Una rappresentazione accurata nella sua leggerezza sulla realtà vissuta dai musulmani di seconda generazione in Italia, che il creatore Ludovico Bessegato ha tracciato grazie alla preziosa consulenza della sociologa Sumaya Abdel Qader, consigliera comunale a Milano e autrice di Quello che abbiamo in testa (Mondadori, 2019), in cui si rivendica la scelta di indossare il velo come gesto femminista e di Porto il velo, adoro i Queen (Sonzogno, 2008).
Equilibrio difficile
Punto di vista d’eccezione condiviso dall’artista italo-tunisina Takoua Ben Mohamed, che nella sua striscia a fumetti, Sotto il velo (Becco Giallo, 2016), racconta con ironia la sua quotidianità di ragazza che ha liberamente scelto di portare il velo in Italia, e nel più recente La rivoluzione dei gelsomini (Becco Giallo, 2018), ripercorre al contrario quel viaggio, che l’ha portata dalle porte del deserto del Sahara alla periferia di Roma a soli otto anni.
Stessa scena sulla quale si muove Phaim Bhuiyan, protagonista del film autobiografico Bangla, per cui è stato premiato come miglior regista esordiente ai David di Donatello 2020. Di origine bengalese ma nato e cresciuto in Italia, nel quartiere romano di Torpignattara, Phaim, proprio come Sana in Skam è costantemente combattuto tra le pulsioni suscitate dal primo amore e il percorso di vita che la famiglia e la fede gli suggeriscono.

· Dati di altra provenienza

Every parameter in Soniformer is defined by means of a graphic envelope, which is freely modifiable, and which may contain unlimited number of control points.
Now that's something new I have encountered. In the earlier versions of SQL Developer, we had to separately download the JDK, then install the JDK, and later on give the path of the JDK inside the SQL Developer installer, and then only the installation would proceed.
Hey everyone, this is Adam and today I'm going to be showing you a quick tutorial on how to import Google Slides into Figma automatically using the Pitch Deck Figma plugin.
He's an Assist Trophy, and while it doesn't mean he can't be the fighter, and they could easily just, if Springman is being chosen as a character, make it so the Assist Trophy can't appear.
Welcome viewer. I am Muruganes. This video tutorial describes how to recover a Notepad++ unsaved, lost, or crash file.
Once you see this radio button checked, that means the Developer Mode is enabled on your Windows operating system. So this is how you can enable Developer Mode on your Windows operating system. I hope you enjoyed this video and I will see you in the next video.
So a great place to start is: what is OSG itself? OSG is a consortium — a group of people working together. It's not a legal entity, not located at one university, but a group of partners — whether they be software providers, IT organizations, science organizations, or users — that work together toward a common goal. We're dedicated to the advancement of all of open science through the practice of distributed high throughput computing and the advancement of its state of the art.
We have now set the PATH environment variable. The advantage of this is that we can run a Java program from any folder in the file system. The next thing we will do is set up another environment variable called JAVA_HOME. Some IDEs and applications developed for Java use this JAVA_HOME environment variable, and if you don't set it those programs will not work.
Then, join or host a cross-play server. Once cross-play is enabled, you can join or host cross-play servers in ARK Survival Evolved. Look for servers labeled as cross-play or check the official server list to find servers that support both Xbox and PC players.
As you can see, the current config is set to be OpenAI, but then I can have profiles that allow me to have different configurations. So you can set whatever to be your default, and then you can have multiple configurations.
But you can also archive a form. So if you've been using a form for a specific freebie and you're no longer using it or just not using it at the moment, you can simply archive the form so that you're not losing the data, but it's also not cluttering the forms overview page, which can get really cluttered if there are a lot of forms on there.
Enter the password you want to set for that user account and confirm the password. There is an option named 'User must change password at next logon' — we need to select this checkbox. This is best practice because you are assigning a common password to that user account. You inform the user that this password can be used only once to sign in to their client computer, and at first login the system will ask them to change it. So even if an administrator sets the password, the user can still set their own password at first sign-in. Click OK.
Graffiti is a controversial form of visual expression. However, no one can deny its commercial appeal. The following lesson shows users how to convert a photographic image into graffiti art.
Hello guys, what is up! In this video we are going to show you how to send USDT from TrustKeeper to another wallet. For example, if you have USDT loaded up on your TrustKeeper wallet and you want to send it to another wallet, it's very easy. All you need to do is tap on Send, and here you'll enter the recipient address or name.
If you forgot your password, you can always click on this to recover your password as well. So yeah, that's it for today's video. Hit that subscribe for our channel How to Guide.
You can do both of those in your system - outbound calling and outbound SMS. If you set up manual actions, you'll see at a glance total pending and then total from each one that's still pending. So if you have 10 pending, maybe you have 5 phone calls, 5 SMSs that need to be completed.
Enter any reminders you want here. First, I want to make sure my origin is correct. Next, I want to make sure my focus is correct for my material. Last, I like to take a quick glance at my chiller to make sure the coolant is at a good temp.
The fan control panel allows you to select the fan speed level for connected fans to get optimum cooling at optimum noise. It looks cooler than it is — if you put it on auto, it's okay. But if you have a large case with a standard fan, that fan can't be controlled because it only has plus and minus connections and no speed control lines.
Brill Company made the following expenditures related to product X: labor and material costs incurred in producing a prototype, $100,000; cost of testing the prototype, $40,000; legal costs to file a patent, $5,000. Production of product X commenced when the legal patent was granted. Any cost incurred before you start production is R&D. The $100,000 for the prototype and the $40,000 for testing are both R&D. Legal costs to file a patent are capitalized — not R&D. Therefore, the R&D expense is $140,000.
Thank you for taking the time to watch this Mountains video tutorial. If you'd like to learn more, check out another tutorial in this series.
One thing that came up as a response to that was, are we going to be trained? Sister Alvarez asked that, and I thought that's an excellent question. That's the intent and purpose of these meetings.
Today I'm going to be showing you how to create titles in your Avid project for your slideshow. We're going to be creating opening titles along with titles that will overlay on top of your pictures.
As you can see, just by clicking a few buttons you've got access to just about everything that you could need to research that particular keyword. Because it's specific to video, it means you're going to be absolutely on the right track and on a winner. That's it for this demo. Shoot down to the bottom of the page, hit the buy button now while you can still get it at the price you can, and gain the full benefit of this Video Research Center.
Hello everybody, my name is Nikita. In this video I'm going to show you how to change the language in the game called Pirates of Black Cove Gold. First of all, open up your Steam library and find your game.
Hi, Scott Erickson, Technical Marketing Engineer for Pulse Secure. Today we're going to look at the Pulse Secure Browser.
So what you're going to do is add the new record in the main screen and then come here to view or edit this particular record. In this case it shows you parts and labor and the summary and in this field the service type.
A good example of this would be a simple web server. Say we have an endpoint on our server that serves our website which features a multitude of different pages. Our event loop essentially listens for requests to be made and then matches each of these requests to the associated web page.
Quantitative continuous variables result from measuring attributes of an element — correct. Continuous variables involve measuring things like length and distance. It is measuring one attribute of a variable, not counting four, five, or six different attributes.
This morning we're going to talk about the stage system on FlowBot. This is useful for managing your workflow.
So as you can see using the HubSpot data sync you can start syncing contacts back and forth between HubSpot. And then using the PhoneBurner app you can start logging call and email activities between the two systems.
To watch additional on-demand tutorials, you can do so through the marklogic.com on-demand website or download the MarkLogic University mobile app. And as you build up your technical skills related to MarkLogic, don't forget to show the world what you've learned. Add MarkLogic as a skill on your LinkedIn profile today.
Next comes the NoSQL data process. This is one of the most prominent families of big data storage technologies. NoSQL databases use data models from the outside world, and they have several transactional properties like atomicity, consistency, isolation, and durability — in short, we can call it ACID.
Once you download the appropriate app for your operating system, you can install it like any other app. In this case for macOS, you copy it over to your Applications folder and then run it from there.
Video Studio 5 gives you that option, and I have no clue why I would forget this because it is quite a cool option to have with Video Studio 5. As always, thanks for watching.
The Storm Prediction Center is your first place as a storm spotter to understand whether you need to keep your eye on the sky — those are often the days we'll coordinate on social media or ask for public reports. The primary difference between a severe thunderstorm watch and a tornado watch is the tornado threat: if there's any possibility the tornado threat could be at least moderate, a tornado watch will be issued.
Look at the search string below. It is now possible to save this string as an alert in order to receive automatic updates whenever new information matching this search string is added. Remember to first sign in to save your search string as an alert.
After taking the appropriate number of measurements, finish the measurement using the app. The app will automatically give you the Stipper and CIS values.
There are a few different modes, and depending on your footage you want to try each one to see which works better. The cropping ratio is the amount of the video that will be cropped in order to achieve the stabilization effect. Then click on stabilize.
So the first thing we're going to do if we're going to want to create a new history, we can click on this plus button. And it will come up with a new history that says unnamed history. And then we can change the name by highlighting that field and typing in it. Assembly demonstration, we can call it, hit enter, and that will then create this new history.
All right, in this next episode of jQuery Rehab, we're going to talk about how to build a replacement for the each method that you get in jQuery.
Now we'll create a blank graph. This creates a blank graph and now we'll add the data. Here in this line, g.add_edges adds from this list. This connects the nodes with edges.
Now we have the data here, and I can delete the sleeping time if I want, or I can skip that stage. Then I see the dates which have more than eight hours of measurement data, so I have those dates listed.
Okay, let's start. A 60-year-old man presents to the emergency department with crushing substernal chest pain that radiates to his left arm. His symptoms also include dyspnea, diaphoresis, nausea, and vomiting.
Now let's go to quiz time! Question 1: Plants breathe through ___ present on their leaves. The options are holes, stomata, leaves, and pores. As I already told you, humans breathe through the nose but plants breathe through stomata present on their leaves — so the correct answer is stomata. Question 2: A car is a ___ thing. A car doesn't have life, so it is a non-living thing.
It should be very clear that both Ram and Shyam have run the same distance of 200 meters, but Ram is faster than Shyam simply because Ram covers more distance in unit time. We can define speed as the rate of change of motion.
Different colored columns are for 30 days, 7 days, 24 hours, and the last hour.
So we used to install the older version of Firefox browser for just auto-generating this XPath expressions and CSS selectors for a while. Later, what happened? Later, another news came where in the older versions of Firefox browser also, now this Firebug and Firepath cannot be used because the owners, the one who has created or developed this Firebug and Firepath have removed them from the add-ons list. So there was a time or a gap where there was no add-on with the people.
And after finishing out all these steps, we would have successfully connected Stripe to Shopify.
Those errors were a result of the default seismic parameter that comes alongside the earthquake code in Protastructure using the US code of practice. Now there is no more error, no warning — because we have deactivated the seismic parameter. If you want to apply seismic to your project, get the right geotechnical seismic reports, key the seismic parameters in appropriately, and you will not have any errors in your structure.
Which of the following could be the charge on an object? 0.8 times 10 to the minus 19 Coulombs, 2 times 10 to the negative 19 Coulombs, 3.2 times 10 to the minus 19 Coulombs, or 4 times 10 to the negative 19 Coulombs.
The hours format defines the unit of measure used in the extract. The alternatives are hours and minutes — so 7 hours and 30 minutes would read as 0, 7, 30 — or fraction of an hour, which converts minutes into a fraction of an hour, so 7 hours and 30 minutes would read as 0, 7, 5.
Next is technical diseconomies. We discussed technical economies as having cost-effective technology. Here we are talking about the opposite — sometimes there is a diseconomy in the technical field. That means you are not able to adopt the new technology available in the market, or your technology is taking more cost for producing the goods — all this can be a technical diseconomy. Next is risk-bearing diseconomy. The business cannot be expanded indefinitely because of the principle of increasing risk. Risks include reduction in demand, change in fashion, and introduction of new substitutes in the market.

Un dilemma che non trova una risposta giusta o una sbagliata in nessun caso, ma che è solo il primo tassello della ricerca della propria identità, che al background dato dalla cultura d’origine, dall’educazione della famiglia, e ai principi della religione, aggiunge quello imprescindibile dell’incontro con le persone, che aprono a punti di vista diversi sulla realtà e, mettendo in discussione le proprie certezze, aiutano a plasmare una visione sempre nuova del mondo.